Career Chaser or Chooser?

Going after your career with a passion and intensity will lead to a lot of sacrifices – when I was single, I was traveling 5-7 times a month, all over the nation. Sounds fun, right? Now picture a lot of hotel time watching bad cable because your body is confused about the time, elevation and location – and you have to prep for the meetings and presentations the next day. But you can sneak out and get great food, and you are an absolute BOSS.

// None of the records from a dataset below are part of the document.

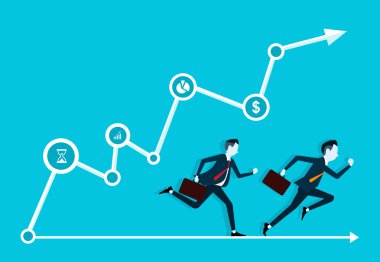 bilgi grafiğinde iş ile iki iş adamı rekabetçi. ınfographic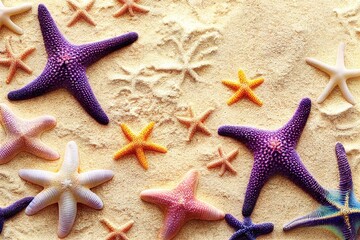 Fototapeta na wymiar seashells on seashore - beach holiday background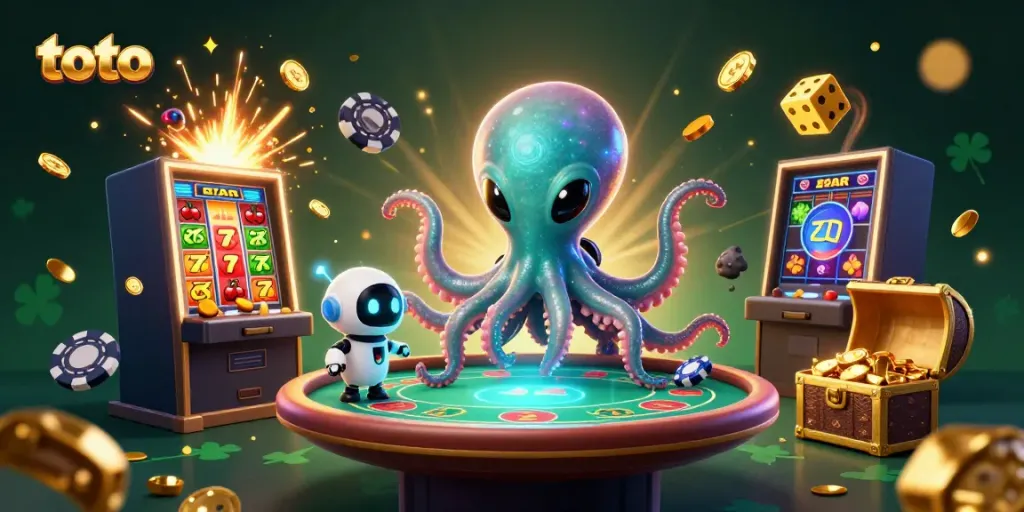 Engage in thrilling toto casino action with an alien octopus and its robot companion.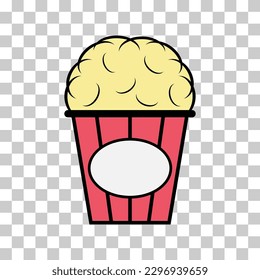 Popcorn food design icon, web corn box snack flat vector illustration element .
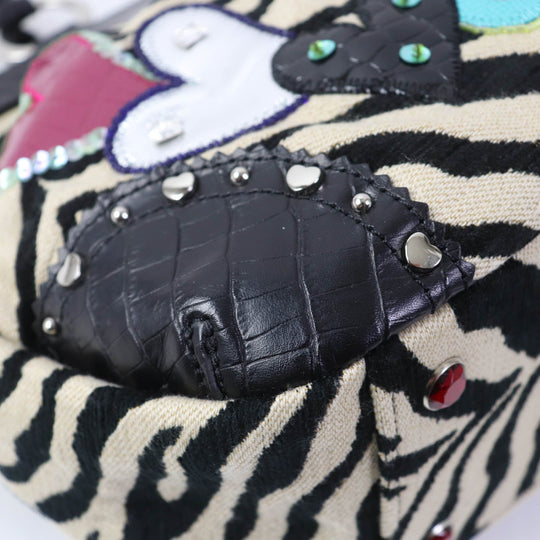 thinkbee Handbag leather multicolor Tote Bag Animal Pattern Bijou Sequin Beads Logo Just Heart Punkish Zebra Women Used Authentic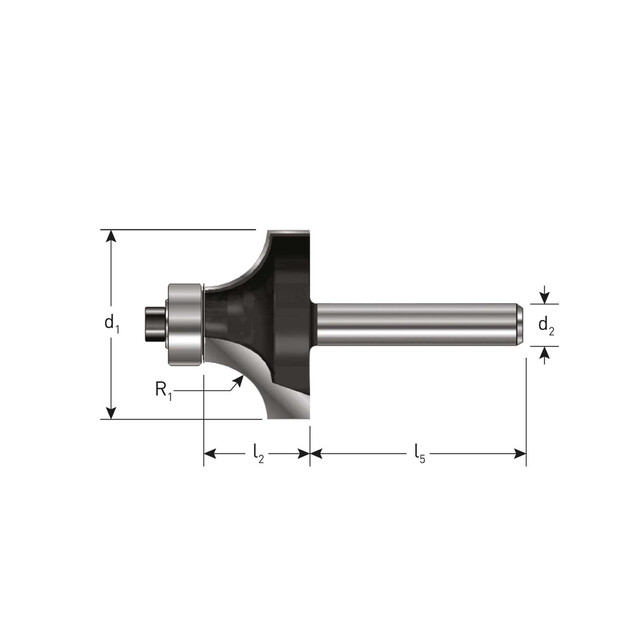 Product image 1 of ROTEC Afrondprofielfrees Type 271 25,4x45 mm - p/st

If you’re a bit more choosy with your time, you might not be the person that hops a plane or works those 14-hour days to advance the thing that very well may never advance. If you aren’t following a career, what are you choosing to follow? That isn’t to say you are career or nothing – but many people fill time with career or family. And many women are called upon to make that choice and accept that loss, whatever it is.

Passive or Assertive?

This one is TOUGH – when we are passive, we are that fantastic person that goes with the flow and follows along with everyone else. How wonderful to have someone so flexible! But what about what you want? That question isn’t often asked if you’re always choosing to be the person that just rolls with it.

At the same time, asserting yourself as a woman means you’re advocating for your wants and needs – but – speaking up will get you deemed difficult in a lot of circles. What do you lose when you keep yourself first?

In the end, all of these decisions have to be made by YOU – understanding all possible losses. Just don’t lose sight of your gain.